Department of Biomedical Data Science, Stanford University, Stanford, CA 94305, USA.
Genomics plc, Oxford, OX11JD, UK.
Am J Hum Genet. 2021 Dec 2;108(12):2354-2367. doi: 10.1016/j.ajhg.2021.11.005. Epub 2021 Nov 24.

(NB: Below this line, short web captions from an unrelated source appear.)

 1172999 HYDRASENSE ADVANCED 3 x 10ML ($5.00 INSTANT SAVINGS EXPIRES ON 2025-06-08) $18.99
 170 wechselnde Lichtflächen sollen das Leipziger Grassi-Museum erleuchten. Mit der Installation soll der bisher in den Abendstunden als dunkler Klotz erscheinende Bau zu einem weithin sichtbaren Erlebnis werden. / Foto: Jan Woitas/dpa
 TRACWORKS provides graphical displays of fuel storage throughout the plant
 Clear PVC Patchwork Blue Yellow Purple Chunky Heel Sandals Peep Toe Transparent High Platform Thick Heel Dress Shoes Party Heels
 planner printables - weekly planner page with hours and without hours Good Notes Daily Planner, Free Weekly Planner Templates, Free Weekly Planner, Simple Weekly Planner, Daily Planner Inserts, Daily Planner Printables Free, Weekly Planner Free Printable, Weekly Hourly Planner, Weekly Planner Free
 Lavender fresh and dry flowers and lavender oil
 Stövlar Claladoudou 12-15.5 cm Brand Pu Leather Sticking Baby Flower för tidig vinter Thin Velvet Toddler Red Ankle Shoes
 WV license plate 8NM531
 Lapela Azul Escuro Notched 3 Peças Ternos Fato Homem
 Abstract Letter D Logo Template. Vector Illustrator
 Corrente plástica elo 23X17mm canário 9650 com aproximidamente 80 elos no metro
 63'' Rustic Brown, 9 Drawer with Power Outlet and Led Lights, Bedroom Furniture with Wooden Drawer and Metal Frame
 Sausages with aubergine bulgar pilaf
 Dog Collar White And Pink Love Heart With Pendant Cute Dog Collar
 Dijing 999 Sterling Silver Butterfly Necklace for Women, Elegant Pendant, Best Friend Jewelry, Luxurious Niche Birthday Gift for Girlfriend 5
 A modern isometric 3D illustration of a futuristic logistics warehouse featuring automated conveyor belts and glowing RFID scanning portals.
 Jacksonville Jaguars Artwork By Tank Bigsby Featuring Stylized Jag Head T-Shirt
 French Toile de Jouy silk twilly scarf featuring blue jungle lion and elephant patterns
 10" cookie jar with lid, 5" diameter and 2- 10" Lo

Whole-genome sequencing studies applied to large populations or biobanks with extensive phenotyping raise new analytic challenges. The need to consider many variants at a locus or group of genes simultaneously and the potential to study many correlated phenotypes with shared genetic architecture provide opportunities for discovery not addressed by the traditional one variant, one phenotype association study. Here, we introduce a Bayesian model comparison approach called MRP (multiple rare variants and phenotypes) for rare-variant association studies that considers correlation, scale, and direction of genetic effects across a group of genetic variants, phenotypes, and studies, requiring only summary statistic data. We apply our method to exome sequencing data (n = 184,698) across 2,019 traits from the UK Biobank, aggregating signals in genes. MRP demonstrates an ability to recover signals such as associations between PCSK9 and LDL cholesterol levels. We additionally find MRP effective in conducting meta-analyses in exome data. Non-biomarker findings include associations between MC1R and red hair color and skin color, IL17RA and monocyte count, and IQGAP2 and mean platelet volume. Finally, we apply MRP in a multi-phenotype setting; after clustering the 35 biomarker phenotypes based on genetic correlation estimates, we find that joint analysis of these phenotypes results in substantial power gains for gene-trait associations, such as in TNFRSF13B in one of the clusters containing diabetes- and lipid-related traits. Overall, we show that the MRP model comparison approach improves upon useful features from widely used meta-analysis approaches for rare-variant association analyses and prioritizes protective modifiers of disease risk.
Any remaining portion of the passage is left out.